--- START ---
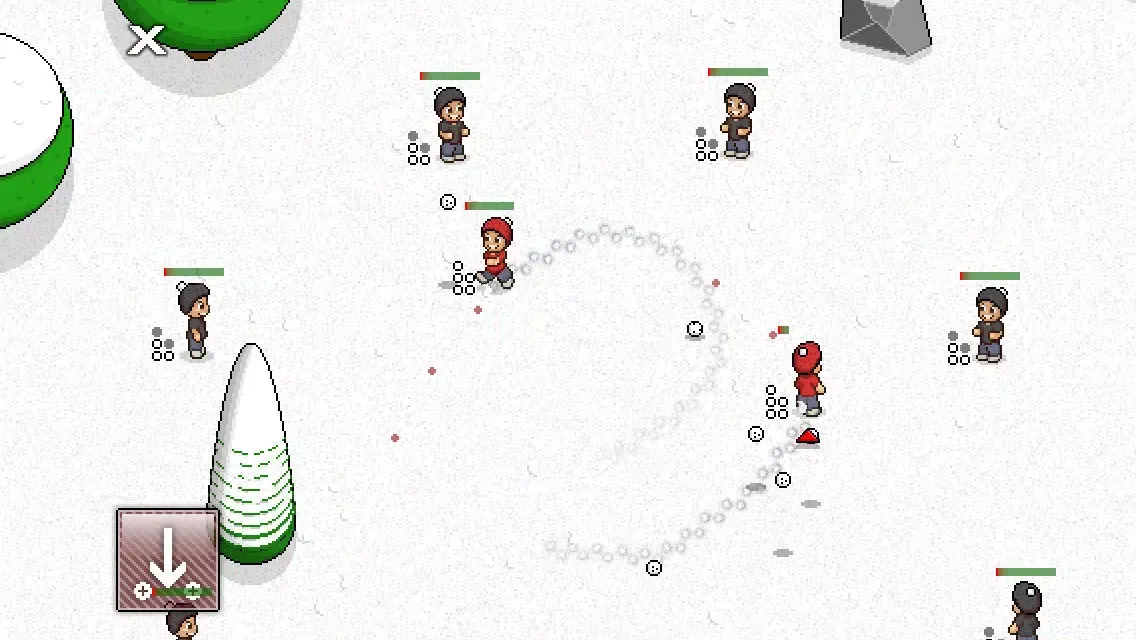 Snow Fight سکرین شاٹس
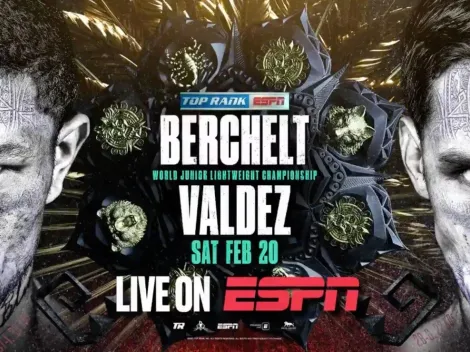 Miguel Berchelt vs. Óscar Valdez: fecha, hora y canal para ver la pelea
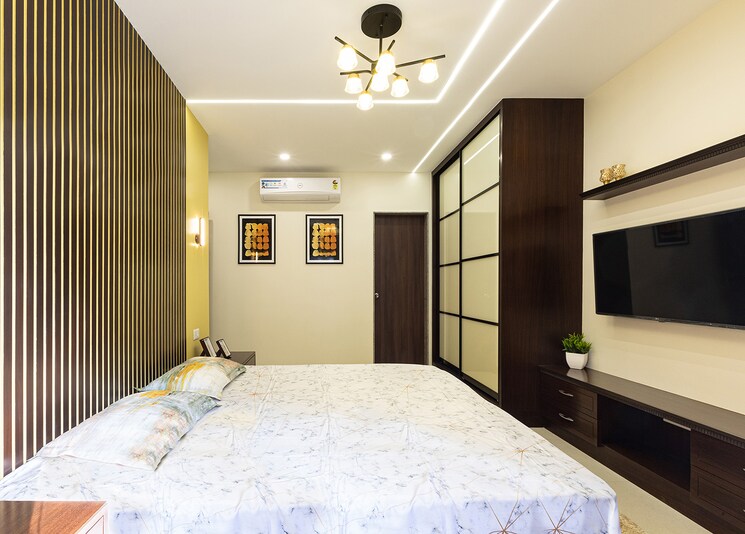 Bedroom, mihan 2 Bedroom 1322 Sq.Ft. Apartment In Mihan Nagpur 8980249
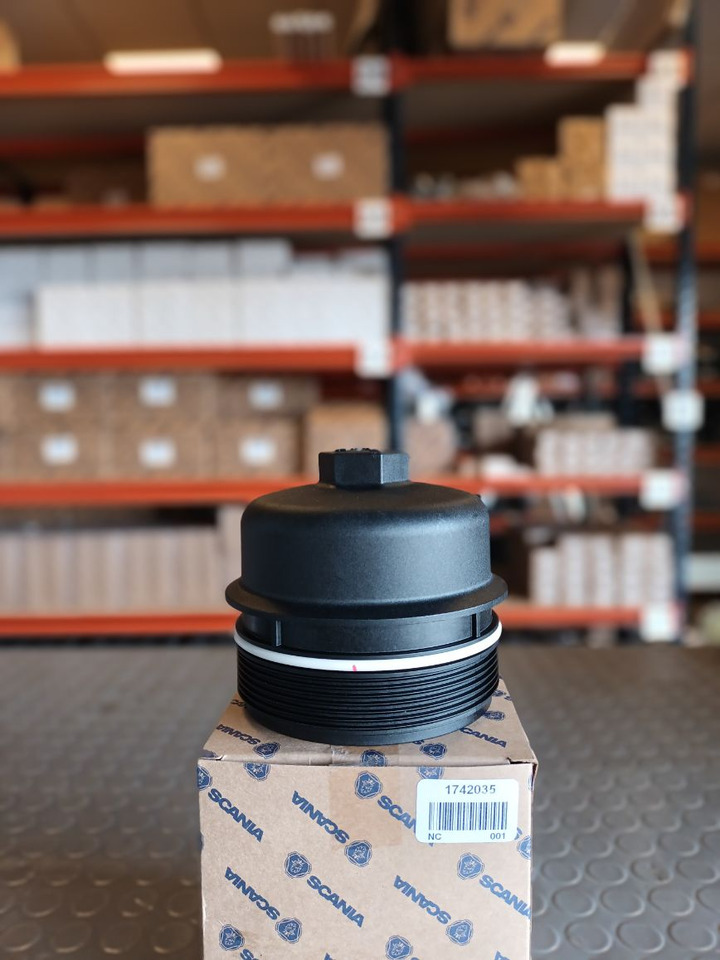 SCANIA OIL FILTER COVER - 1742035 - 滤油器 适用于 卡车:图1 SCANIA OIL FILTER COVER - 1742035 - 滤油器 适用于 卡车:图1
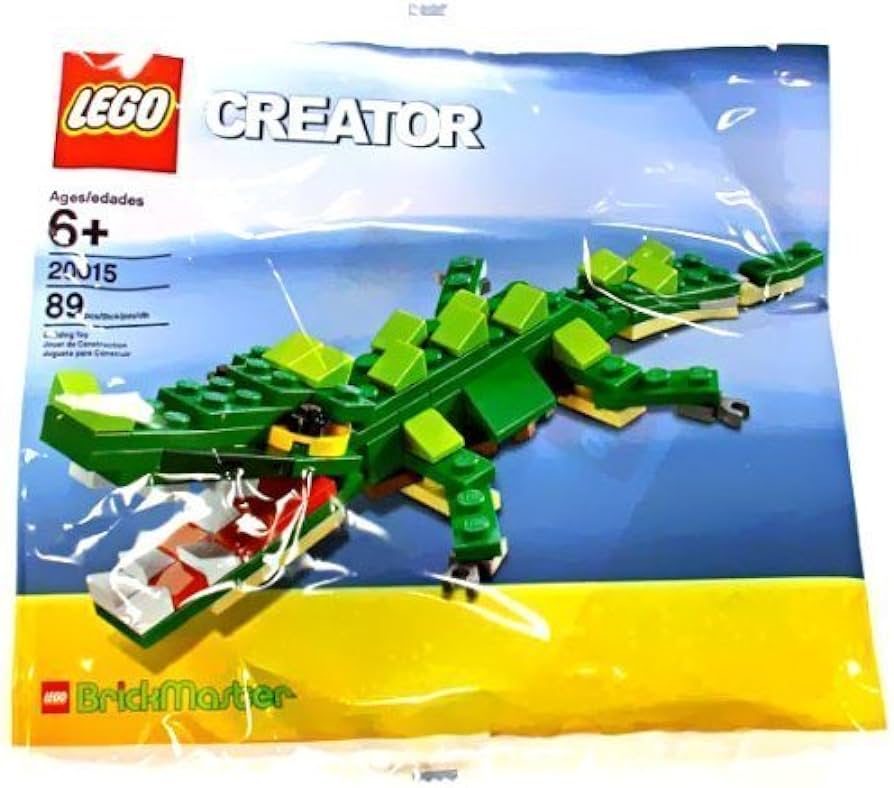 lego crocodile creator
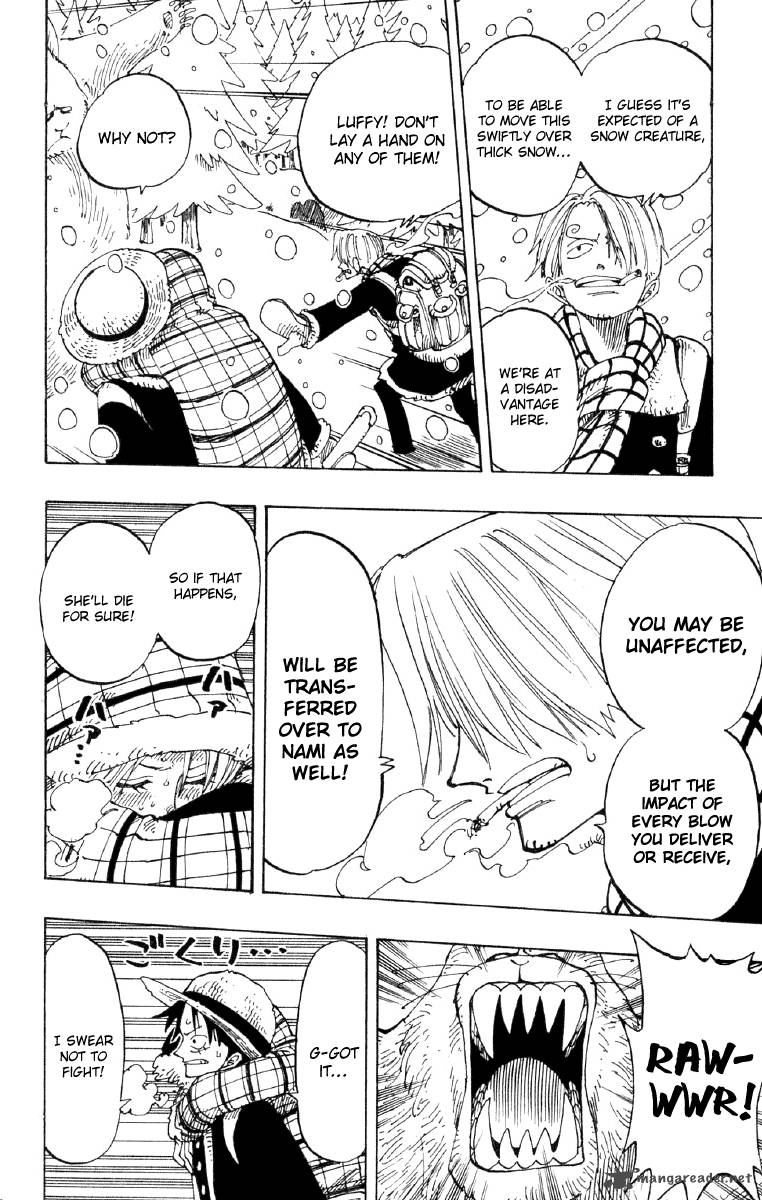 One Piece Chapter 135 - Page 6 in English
--- END ---
--- START ---
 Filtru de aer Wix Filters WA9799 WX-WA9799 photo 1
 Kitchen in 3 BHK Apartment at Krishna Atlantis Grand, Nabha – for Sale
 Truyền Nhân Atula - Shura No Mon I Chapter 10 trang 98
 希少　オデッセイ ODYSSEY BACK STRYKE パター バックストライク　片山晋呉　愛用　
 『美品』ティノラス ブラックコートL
--- END ---
_Brief_
Set down again, exactly, every line above from the one with "Snow Fight سکرین شاٹس" down to the one with "One Piece Chapter 135 - Page 6 in English", both ends included. No pictures, and nothing else.

_Task solution_
 Snow Fight سکرین شاٹس
 Miguel Berchelt vs. Óscar Valdez: fecha, hora y canal para ver la pelea
 Bedroom, mihan 2 Bedroom 1322 Sq.Ft. Apartment In Mihan Nagpur 8980249
 SCANIA OIL FILTER COVER - 1742035 - 滤油器 适用于 卡车:图1 SCANIA OIL FILTER COVER - 1742035 - 滤油器 适用于 卡车:图1
 lego crocodile creator
 One Piece Chapter 135 - Page 6 in English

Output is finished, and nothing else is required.